The Reasons for Judgment
[36] The Reasons encompass 47 lines of transcript and appear to have been delivered immediately after counsels’ submissions. The questions is whether they explain why the appellant was convicted and permit appellate review.
[37] In R. v. R.E.M. (2008), 2008 SCC 51, 235 C.C.C. (3d) 290 (S.C.C.) the criteria to be employed on appeals alleging deficient reasons was described as follows:
48 The sufficiency of reasons on findings of credibility - the issue in this case - merits specific comment. The Court tackled this issue in Gagnon, setting aside an appellate decision that had ruled that the trial judge's reasons on credibility were deficient. Bastarache and Abella JJ., at para. 20, observed that "[a]ssessing credibility is not a science". They went on to state that it may be difficult for a trial judge "to articulate with precision the complex intermingling of impressions that emerge after watching and listening to witnesses and attempting to reconcile the various versions of events", and warned against appellate courts ignoring the trial judge's unique position to see and hear the witnesses and instead substituting their own assessment of credibility for the trial judge's.

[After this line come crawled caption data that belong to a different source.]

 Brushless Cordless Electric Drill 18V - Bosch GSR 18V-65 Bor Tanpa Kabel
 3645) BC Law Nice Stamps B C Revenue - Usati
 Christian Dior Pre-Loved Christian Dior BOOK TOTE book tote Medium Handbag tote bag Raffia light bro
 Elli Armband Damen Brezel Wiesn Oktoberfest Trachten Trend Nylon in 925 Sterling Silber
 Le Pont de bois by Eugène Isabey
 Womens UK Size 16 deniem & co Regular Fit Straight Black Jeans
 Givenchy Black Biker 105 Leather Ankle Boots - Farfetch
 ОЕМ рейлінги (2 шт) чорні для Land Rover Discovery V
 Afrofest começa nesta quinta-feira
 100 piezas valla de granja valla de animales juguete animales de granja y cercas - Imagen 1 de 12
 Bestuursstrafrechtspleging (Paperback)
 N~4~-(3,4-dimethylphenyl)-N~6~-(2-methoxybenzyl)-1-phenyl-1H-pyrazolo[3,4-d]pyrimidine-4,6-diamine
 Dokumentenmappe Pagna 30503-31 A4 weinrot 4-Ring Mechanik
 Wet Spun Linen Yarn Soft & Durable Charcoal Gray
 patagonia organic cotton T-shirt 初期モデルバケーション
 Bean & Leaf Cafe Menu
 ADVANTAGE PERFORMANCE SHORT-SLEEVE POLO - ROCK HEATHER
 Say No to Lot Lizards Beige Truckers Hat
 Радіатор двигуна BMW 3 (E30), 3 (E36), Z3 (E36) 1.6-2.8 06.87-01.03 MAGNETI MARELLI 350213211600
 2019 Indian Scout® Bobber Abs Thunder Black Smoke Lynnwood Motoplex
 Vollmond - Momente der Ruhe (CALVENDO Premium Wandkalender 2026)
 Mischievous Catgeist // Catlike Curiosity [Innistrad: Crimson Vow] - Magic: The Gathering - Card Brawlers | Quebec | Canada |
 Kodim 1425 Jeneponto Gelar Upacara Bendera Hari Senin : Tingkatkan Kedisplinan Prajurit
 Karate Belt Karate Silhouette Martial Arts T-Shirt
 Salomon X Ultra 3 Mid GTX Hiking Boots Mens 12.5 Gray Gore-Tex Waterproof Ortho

49 While it is useful for a judge to attempt to articulate the reasons for believing a witness and disbelieving another in general or on a particular point, the fact remains that the exercise may not be purely intellectual and may involve factors that are difficult to verbalize. Furthermore, embellishing why a particular witness's evidence is rejected may involve the judge saying unflattering things about the witness; judges may wish to spare the accused who takes the stand to deny the crime, for example, the indignity of not only rejecting his evidence and convicting him, but adding negative comments about his demeanor. In short, assessing credibility is a difficult and delicate matter that does not always lend itself to precise and complete verbalization.
50 What constitutes sufficient reasons on issues of credibility may be deduced from Dinardo, where Charron J. held that findings on credibility must be made with regard to the other evidence in the case (para. 23). This may require at least some reference to the contradictory evidence. However, as Dinardo makes clear, what is required is that the reasons show that the judge has seized the substance of the issue. "In a case that turns on credibility ... the trial judge must direct his or her mind to the decisive question of whether the accused's evidence, considered in the context of the evidence as a whole, raises a reasonable doubt as to his guilt" (para. 23). Charron J. went on to dispel the suggestion that the trial judge is required to enter into a detailed account of the conflicting evidence: Dinardo, at para. 30.
51 The degree of detail required in explaining findings on credibility may also, as discussed above, vary with the evidentiary record and the dynamic of the trial. The factors supporting or detracting from credibility may be clear from the record. In such cases, the trial judge's reasons will not be found deficient simply because the trial judge failed to recite these factors.
[38] This was a short trial. The investigating officer, a second officer and the appellant testified. The evidence encompassed 75 pages of transcript. The Reasons were delivered upon the completion of counsels’ submissions in which they outlined the evidence, the law and the issues to be addressed. The issues were straightforward. On the officers’ evidence the driving was clearly dangerous. On the appellant’s, it was not. Her Honour had just heard counsels’ submission and references to R. v. W.(D.), (1991), 1991 93 (SCC), 63 C.C.C. (3d) 397 (S.C.C.), the applicable test in this case.
[39] While I agree with the Crown’s submission that the Reasons are “minimal,” I am persuaded in these circumstances that they were adequate. Her Honour found the investigating officer’s evidence was clear and given in a straightforward and professional manner. She addressed areas of conflict between the officer and the appellant and found the officer to be credible. She found the appellant was not a credible witness.
[40] While there is no reference to the criminal standard of proof, neither is there anything from which I can infer a different standard was applied. The trial judge is presumed to know the law. I agree with the Crown that the one reference to “definitely prefer” the officer’s evidence about there being a tour bus at the hotel and that he was “more credible” in regards to there being people in the parking lot should not be interpreted as referring to the ultimate burden of proof on the charge of dangerous driving. Rather, the comments relate to one aspect of the evidence – the vehicles and pedestrians in the parking lot. In the absence of comments or inferences that the wrong burden of proof was applied, to whether the Crown had established guilt beyond a reasonable doubt, it is reasonable to infer that the trial judge seized the important evidence and understood the basic principles of criminal law at issue in the trial.
[41] I note as well the comments of Rosenberg J.A. in R. v. Chau 2012 ONCA 501 at para. 8 that it would be a rare case where an appellate court finds the verdict was reasonable yet the reasons did not allow for appellate review.
Conclusion
[42] The appeal is dismissed.
DURNO, J.
Released: April 09, 2013
COURT FILE NO.: 1310/11
DATE: 20130409
ONTARIO
SUPERIOR COURT OF JUSTICE
B E T W E E N:
HER MAJESTY THE QUEEN
Respondent
- and –
ROLAND LOVAS
Appellant
REASONS FOR JUDGMENT
[On appeal from the judgment of the Honourable J. Kerrigan Brownridge,
dated July 18, 2011]
DURNO, J.
Released: April 09, 2013
[^1]: It was later determined the appellant was lawfully in possession of the Oxycotin.